Holocaust survivor, FDR impersonator visit Hinsdale Middle School
Students listen to guest speaker RJ Lindsey playing the role as Franklin Delano Roosevelt during World War II Day at Hinsdale Middle School. Veterans and guest speakers were in various class rooms throughout the special day. | James C. Svehla~for Sun-Time
Article Extras
Updated: April 22, 2013 10:18AM
HINSDALE — Students at Hinsdale Middle School heard first-hand Friday from a Holocaust survivor.
Magda Brown of Skokie has spoken at HMS many years, because her testimony is so compelling.

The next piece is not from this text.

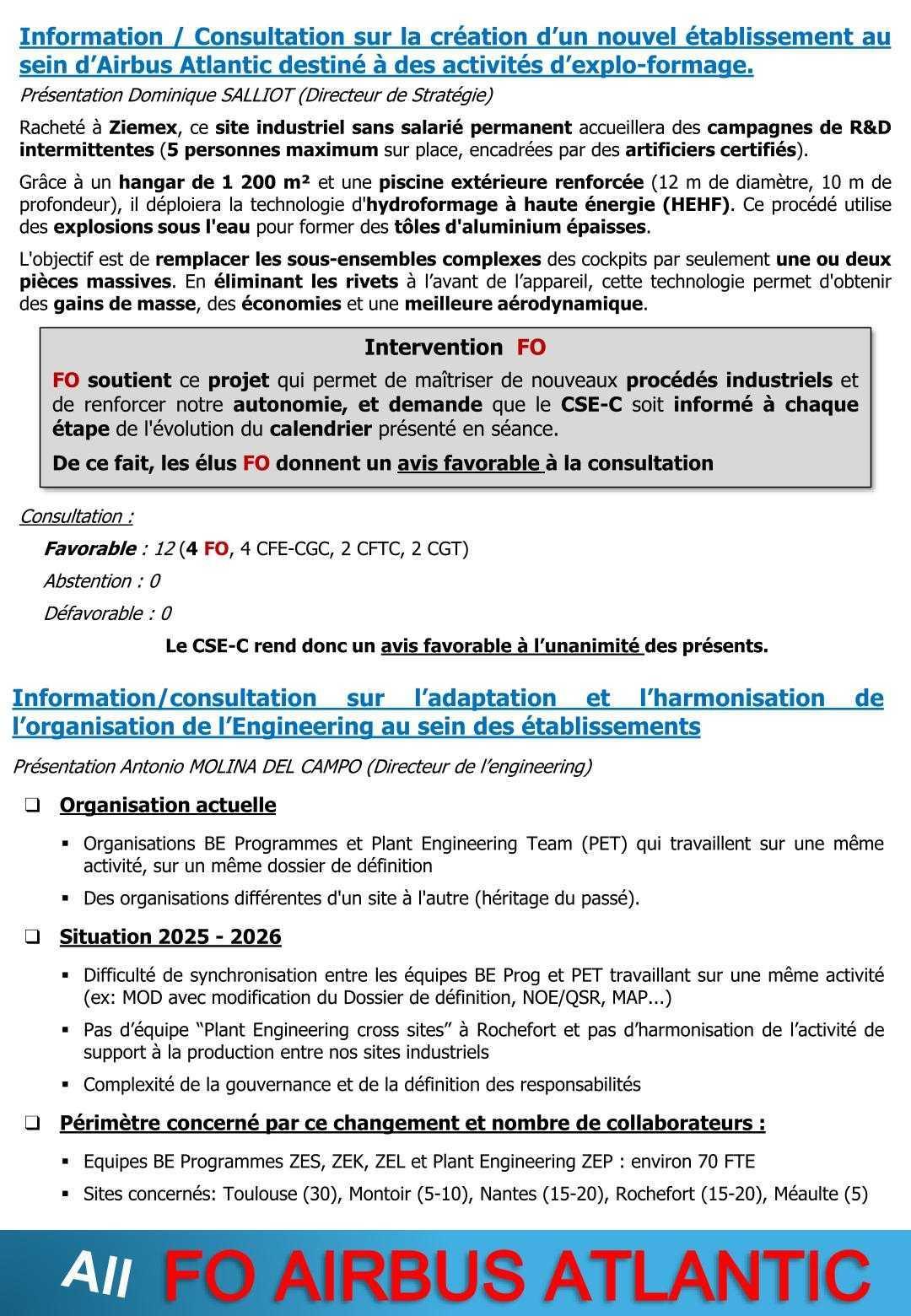 Compte rendu succinct du CSE-C du 25 juin 2026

When she was 16 living in Hungary with her parents, the Nazis took over, first segregating the Jews and other people and then shipping them to concentration camps.
Brown described how in June 1944, on her 17th birthday, she was among 80 people “squashed together” in a cattle car. She stood for three straight days, so her parents would have room to sit. They had no food and no water.

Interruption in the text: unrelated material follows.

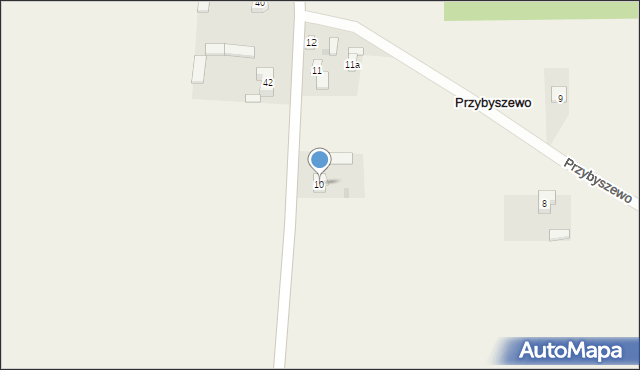 Przybyszewo, Przybyszewo, 10, mapa Przybyszewo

When they were unloaded, they were told to leave behind their belongings. She was separated from her parents.
“My mother ended up in the gas chambers,” Brown said.
She and other young women had their head and bodies shaved, and “then they sprayed disinfectant on our freshly shaved skin,” Brown said.
She was imprisoned at Birkenau, a concentration camp near Auschwitz, Poland. Five hundred people slept in one building, with no beds, blankets or pillows.
Brown was selected to work 12 hours a day in rocket and bomb factory, which the prisoners had to walk 5 miles to reach.
In January 1945, when the Allied liberation was imminent, the Nazis began destroying the gas chambers and marching thousands of women prisoners out of the concentration camps to hide their crimes.
Brown was on the Death March, when she and others saw a barn in the distance. They ran for it and hid themselves under straw and manure, until they saw soldiers from the Sixth Armored Division.
“I think the soldiers were crying as much as we were,” Brown recalled.
Other speakers included a woman whose parents left her as a young child to live with a family in the French countryside. They thought it would be safer for their children than in the cities during the war. They all survived, but the woman said she felt abandoned by her parents.
The students wrote letters to the speakers after their talks.
“Your story really moved me,” wrote one student. “Your sister and you didn’t know your parents when they came back for you.”
Another wrote, “It must have taken a lot of strength to have both your parents taken away from you at such a young age and have to grow up with complete strangers. I admire your strength and courage and I hope someday I’ll be able to mirror it.”